任继愈先生是非常重视具体宗教研究的,他曾接受教育部委托主编过《道教史》、《佛教史》、《基督教史》以及《伊斯兰教史》。当然,科学无神论不是简单的对宗教的否定,因为宗教的消亡是“遥远的将来的事,甚至是国家组织消亡以后的事。现在我们关心的是对宗教现象当前的活动规律及社会作用的认识。”[9]P46所以,我们现在对宗教的研究,应该是扬弃的,辩证的。而且,在对有神论本质否定的前提下,还要对宗教的作用,有客观的判断。
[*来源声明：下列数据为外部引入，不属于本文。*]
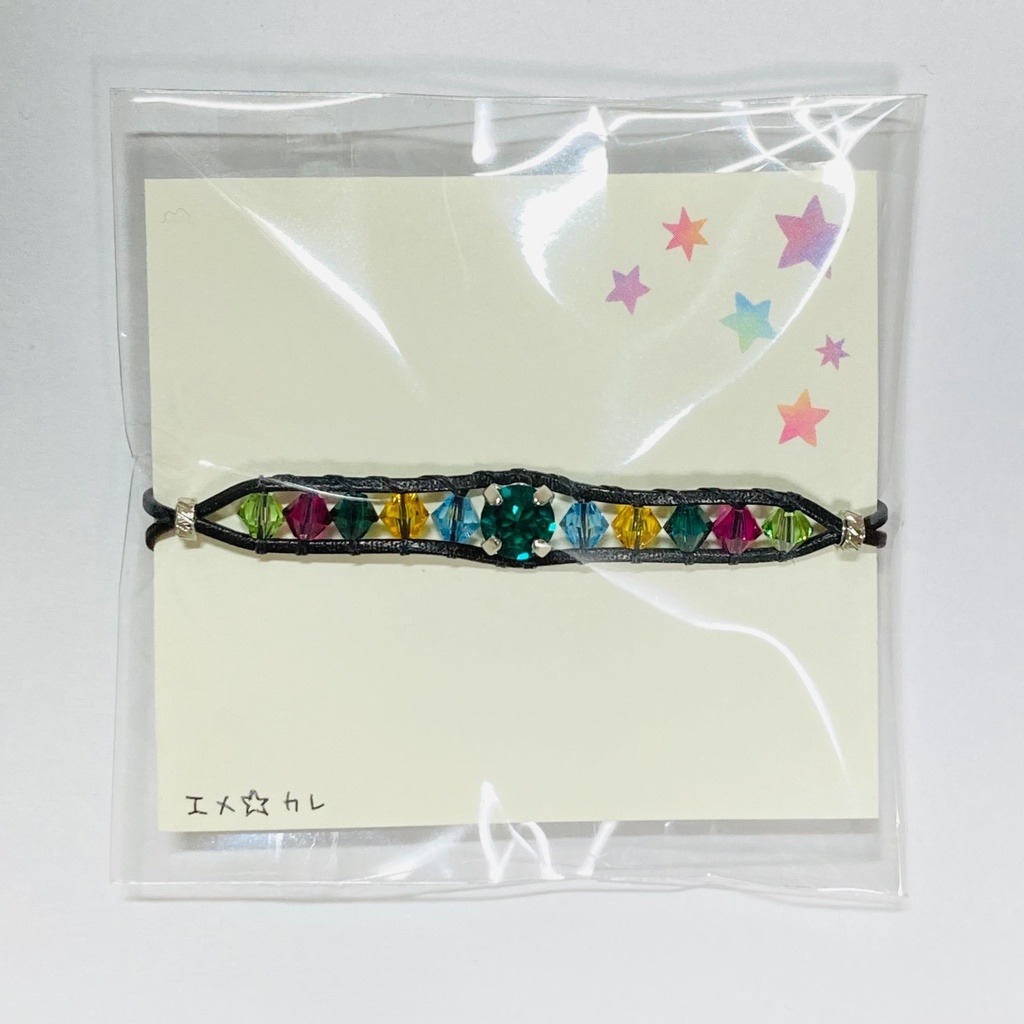 オンエア!ユニットイメージブレスレット【二次創作】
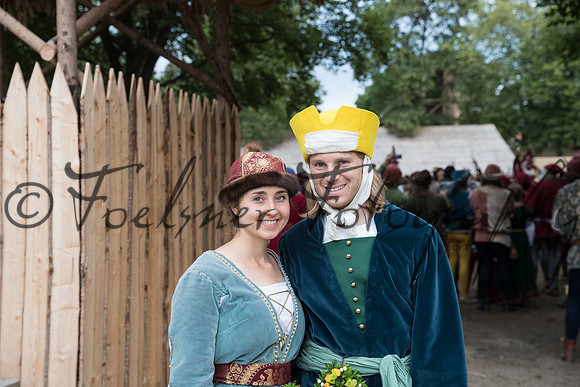 Landshuter Hochzeit 2017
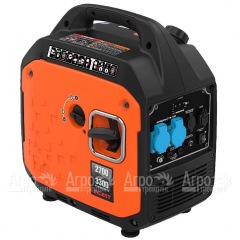 Бензиновый генератор инверторный EVOline BQH 3300 2.7 кВт в Пензе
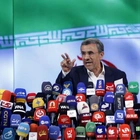 Iranian hardliner Ahmadinejad seeks presidency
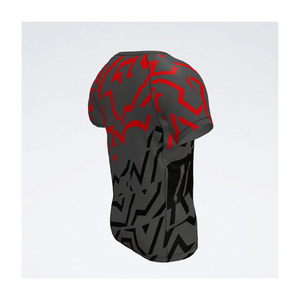 Custom Wholesale Sublimation Compression Shirt <b>Base</b> <b>Layer</b> Polyester Workout Shirt Men Fitness <b>Long</b> <b>Sleeve</b> Mens Compression Shirt - Product Image 4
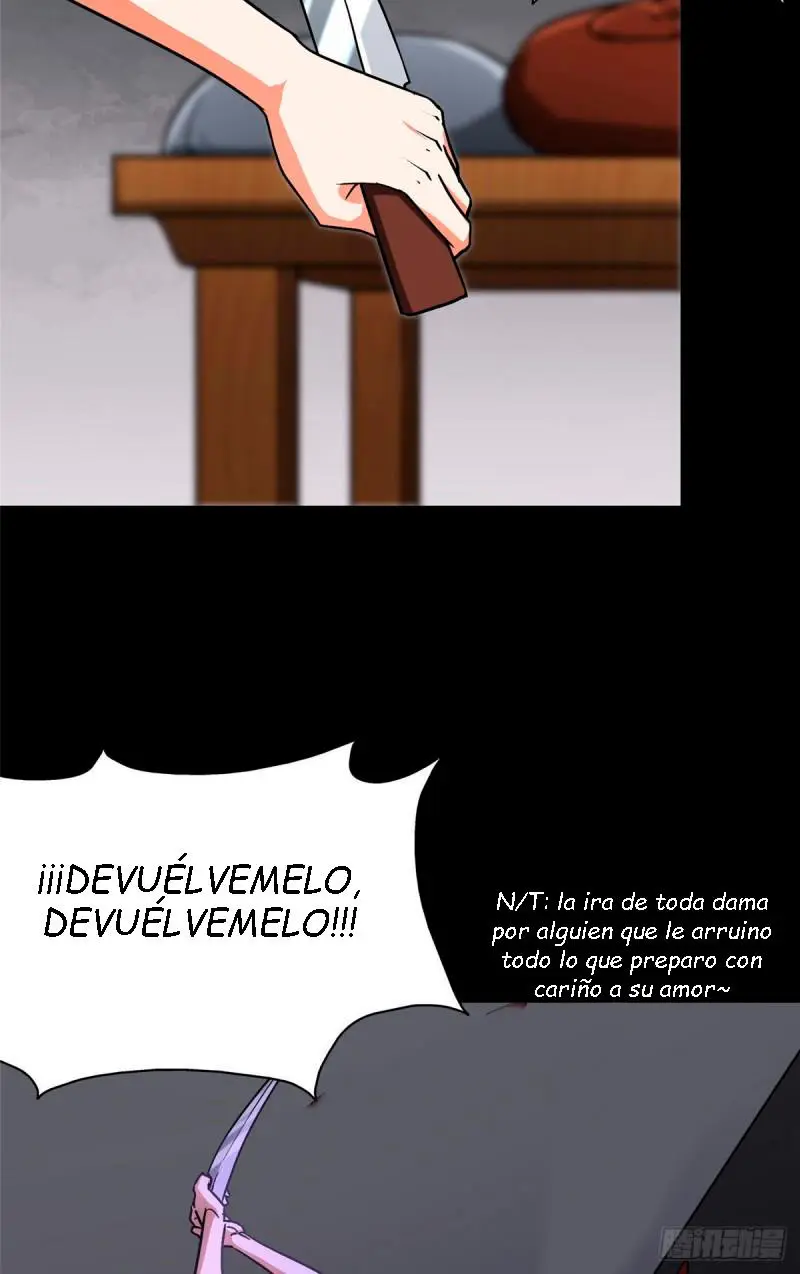 My Girlfriend Is A Zombie capítulo 282 página 43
比如任继愈先生对道教价值的判断,就是一种客观的,实事求是的态度。他说:“道教典籍中可供发掘的东西非常丰富,人们已经看到它对医药、保健、化学、音乐、艺术等方面的有价值的内容,深入发掘,当不止这些,像关于道教的哲学内容,研究得就很不够。道教典籍在中国文化宝库的地位决不下于佛教,甚至更为重要。”[10]P3任先生是一位彻底的无神论者,但是他在批判宗教有神论的本质时,能够辩证地认识到有神论本质以外的东西,这就是科学的认识,科学的态度。
其次,科学无神论的任务还在于总结和继承历史上的无神论的优秀成果,以及中外无神论理论和历史。任先生说:“如果我们不研究中外无神论的理论和历史,就不能深入地把握马克思主义宗教学和科学无神论的内容。”[11]P3所以,无神论理论本身也是我们研究和发展的对象。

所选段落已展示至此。